## Exercise description
The finished copy must match the records exactly, except that it contains no pictures.

= = =

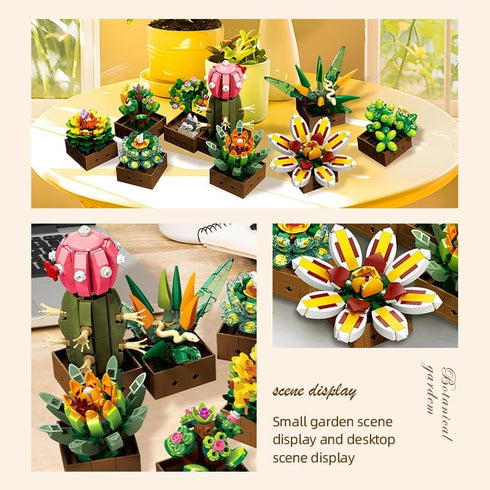 Set, 913 (JJ9037) Flower and Succulent Plant Combination Artificial Plant Building Blocks, Home Office Decoration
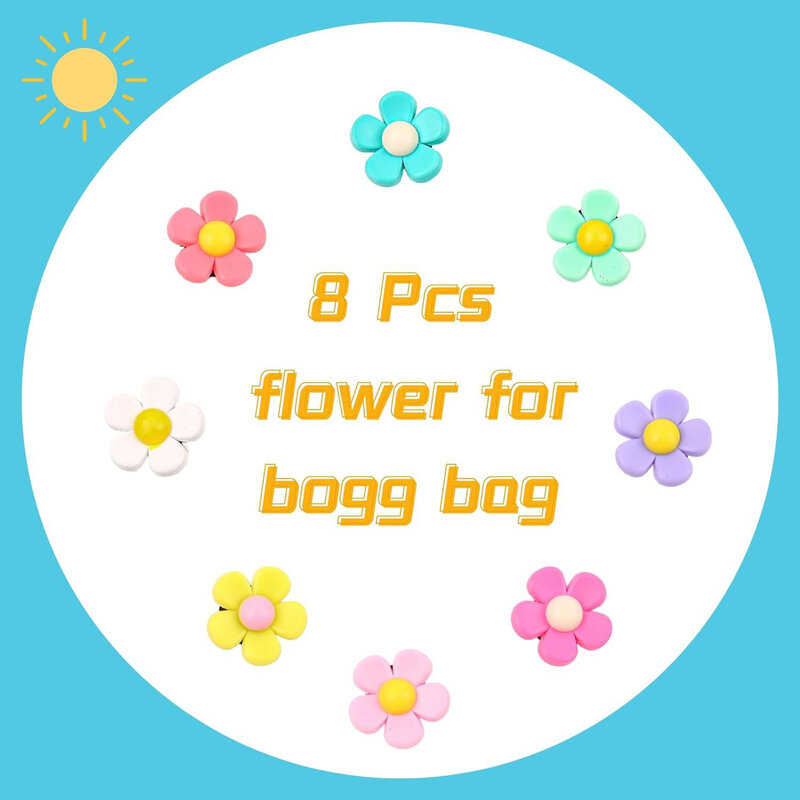 Colorful Flower Ornament for Bag Party Favor Gifts Mix Color Bag Buckle Compatible with All Hole Tote Bags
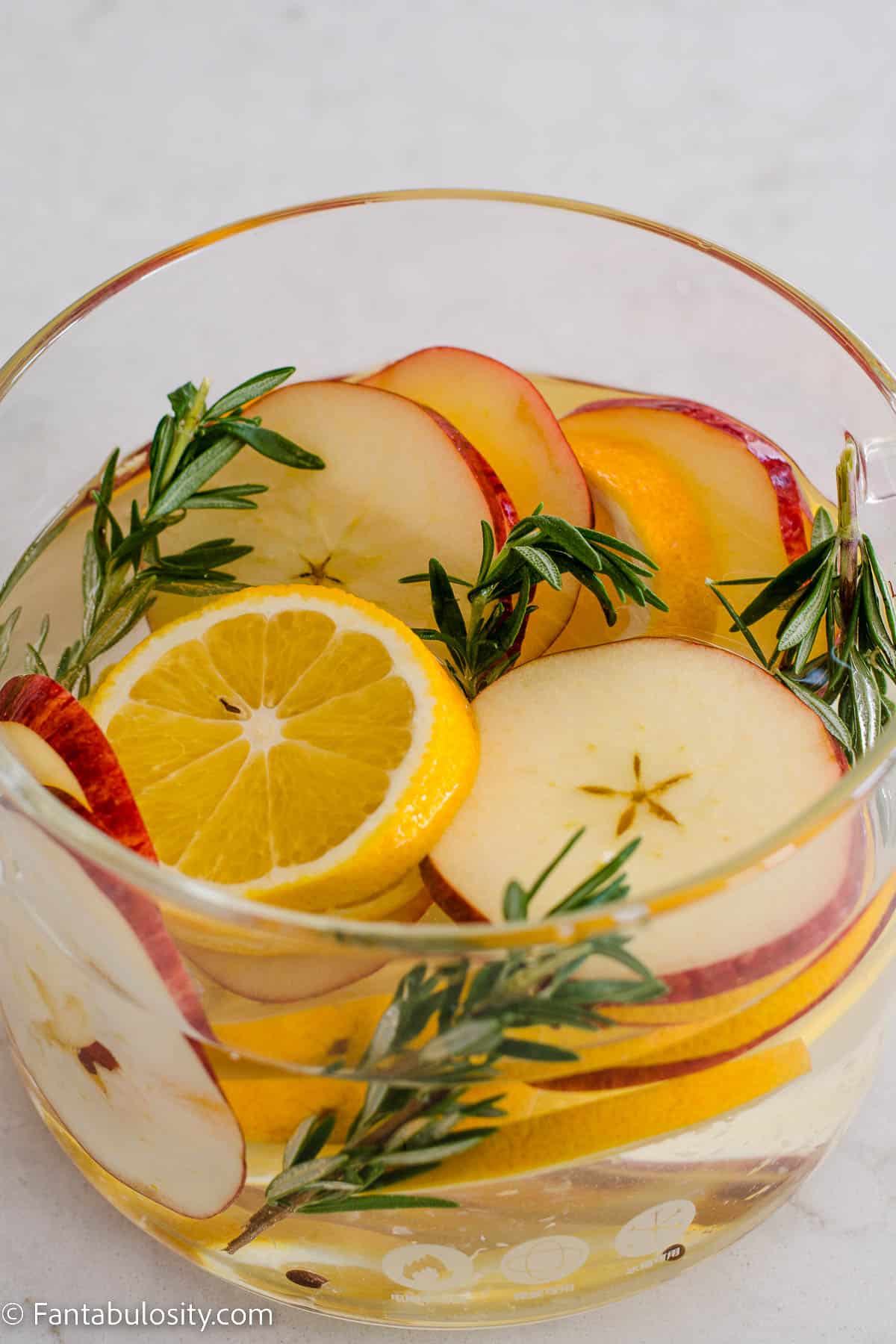 Fruit, rosemary and water in glass pot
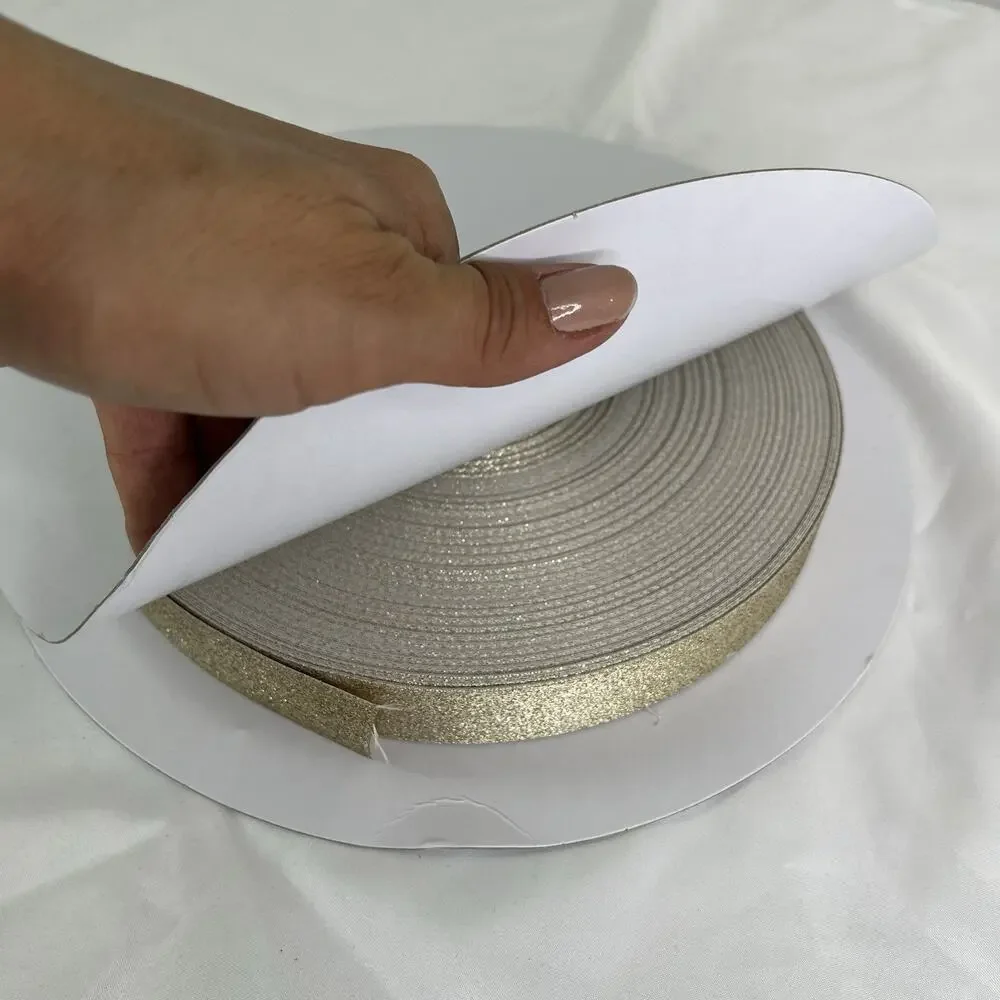 Gold Shimmer Ribbon Lace Almost Full Big Roll, Christmas, holidays, decoration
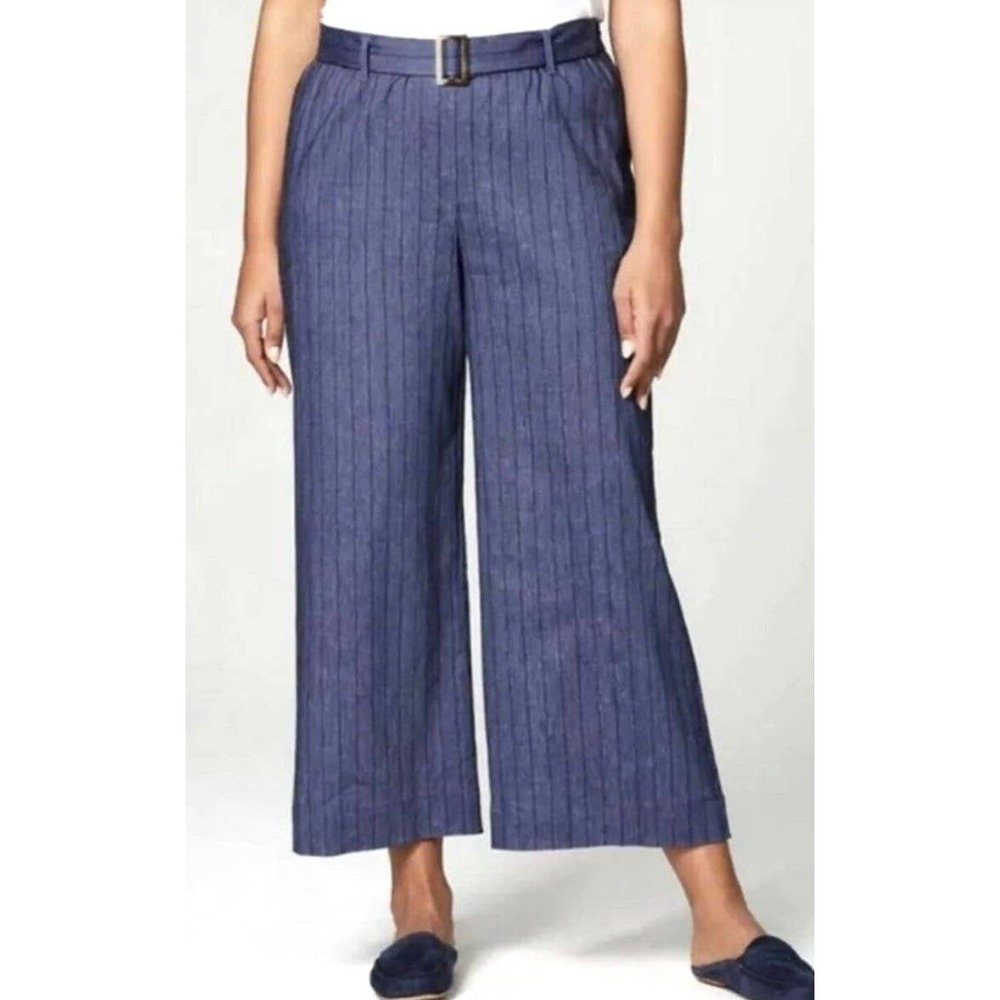 J. Jill Navy Pinstripe Cropped Wide-Leg Pants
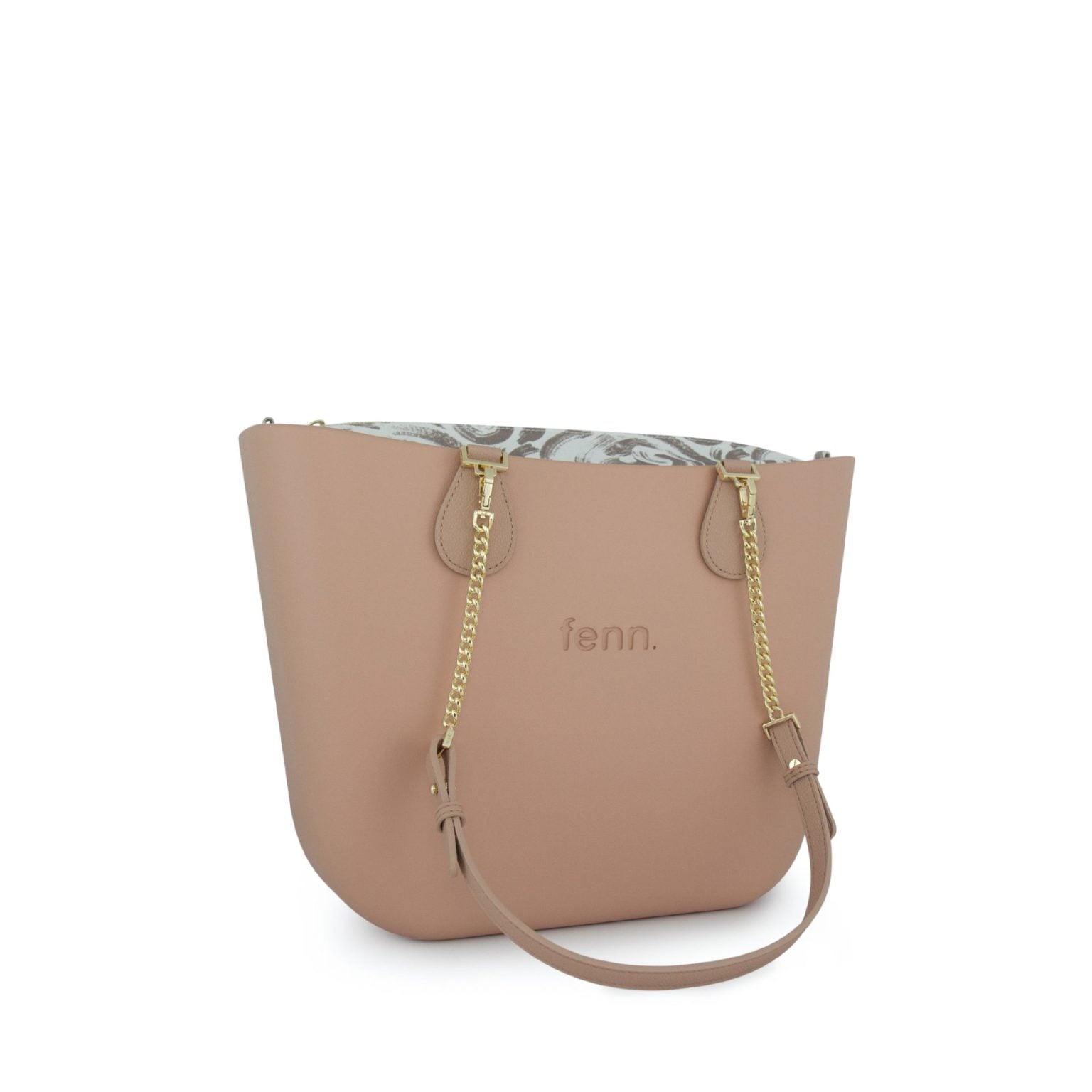 Original Collection – Mocha – Pattern Inner – Gold Zip – Mocha/ Gold Chain Handle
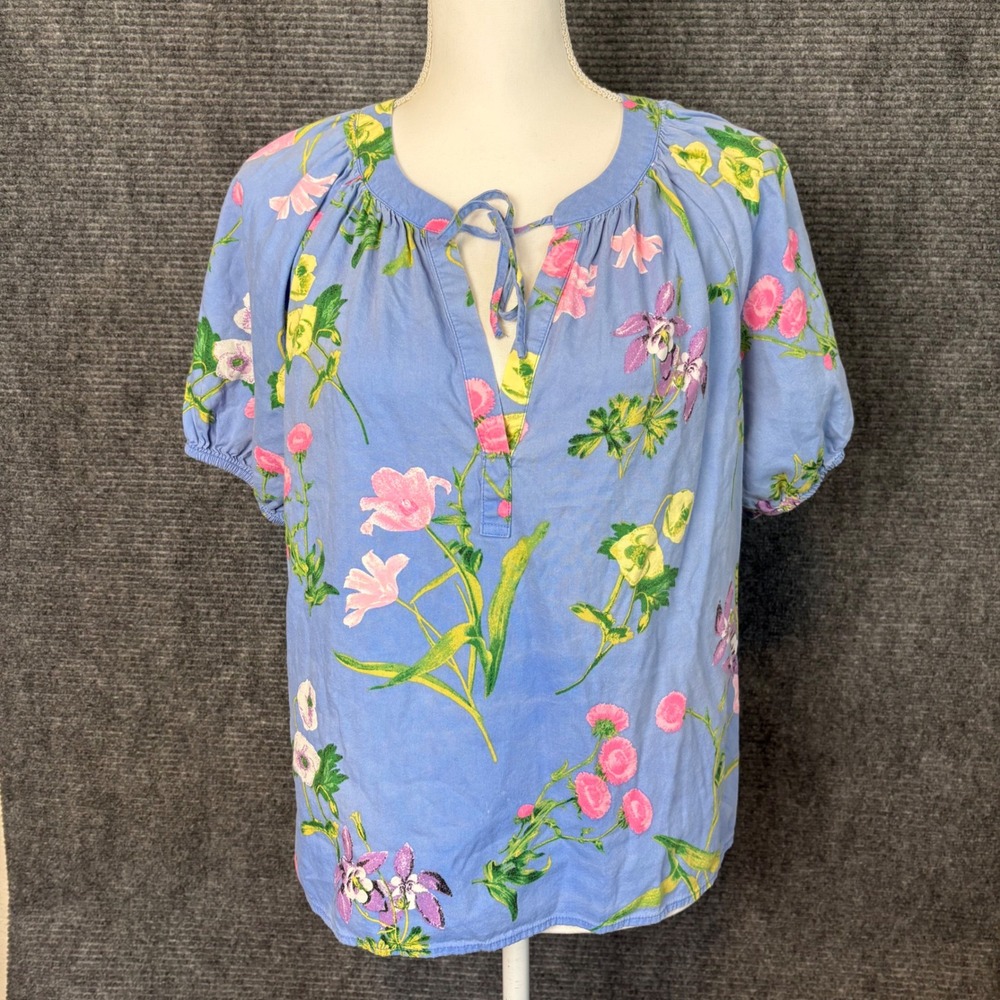 LOFT Floral Peasant Blouse Womens Medium Blue Puff Sleeve Tie Neck Cottagecore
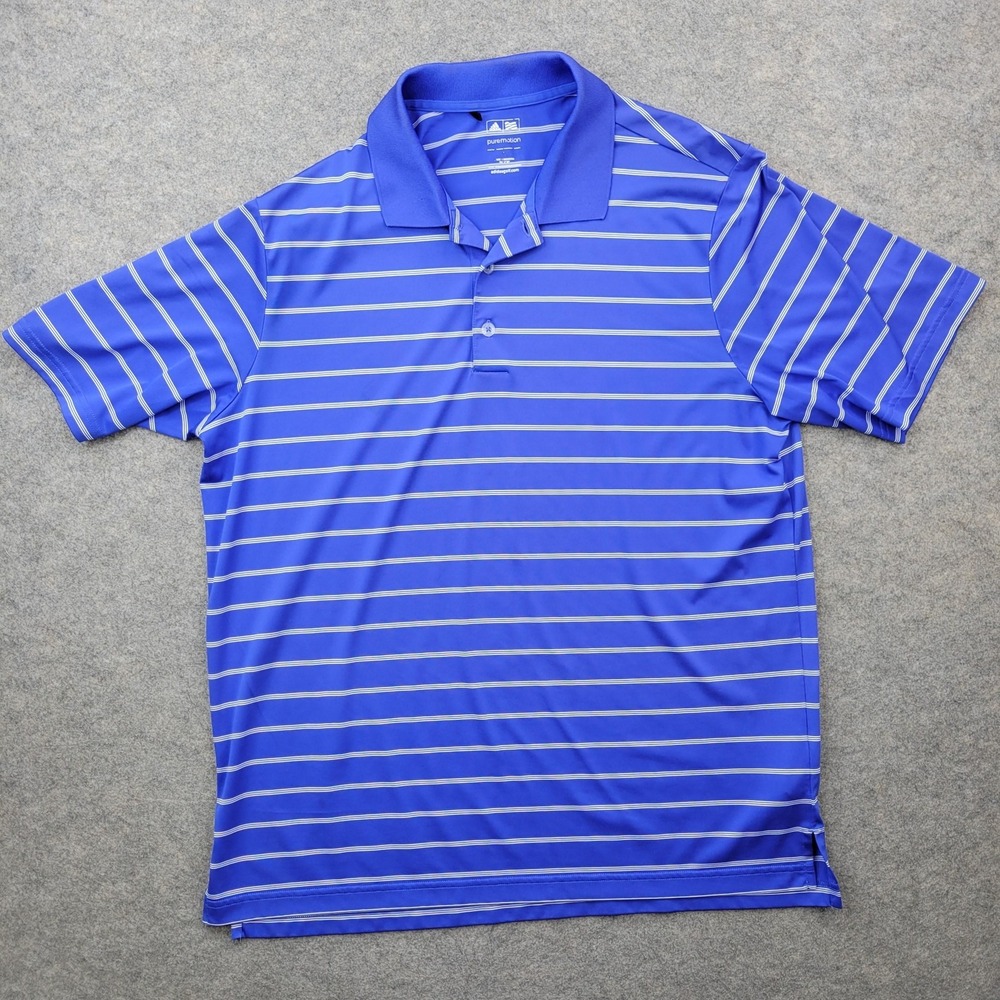 Adidas Polo Shirt‎ Mens XL Blue Stripe Puremotion Golf Performance Knit Top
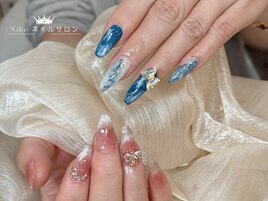 左右非対称のアシメネイル♪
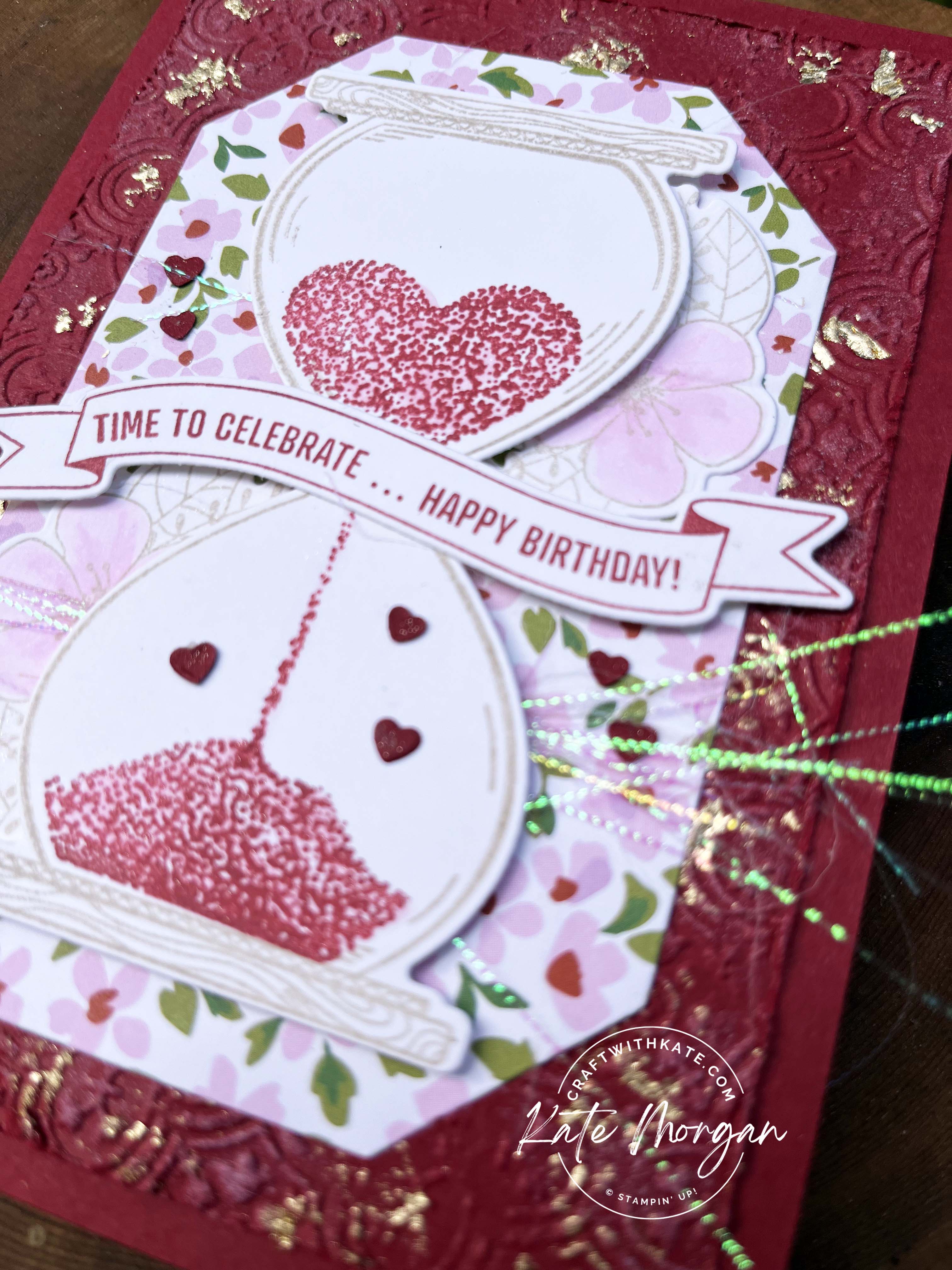 Time Together by Kate Morgan, Stampin Up Australia 2023 Cherry Cobbler colour creations blog hop side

= = =

## Response to the exercise
 Set, 913 (JJ9037) Flower and Succulent Plant Combination Artificial Plant Building Blocks, Home Office Decoration
 Colorful Flower Ornament for Bag Party Favor Gifts Mix Color Bag Buckle Compatible with All Hole Tote Bags
 Fruit, rosemary and water in glass pot
 Gold Shimmer Ribbon Lace Almost Full Big Roll, Christmas, holidays, decoration
 J. Jill Navy Pinstripe Cropped Wide-Leg Pants
 Original Collection – Mocha – Pattern Inner – Gold Zip – Mocha/ Gold Chain Handle
 LOFT Floral Peasant Blouse Womens Medium Blue Puff Sleeve Tie Neck Cottagecore
 Adidas Polo Shirt‎ Mens XL Blue Stripe Puremotion Golf Performance Knit Top
 左右非対称のアシメネイル♪
 Time Together by Kate Morgan, Stampin Up Australia 2023 Cherry Cobbler colour creations blog hop side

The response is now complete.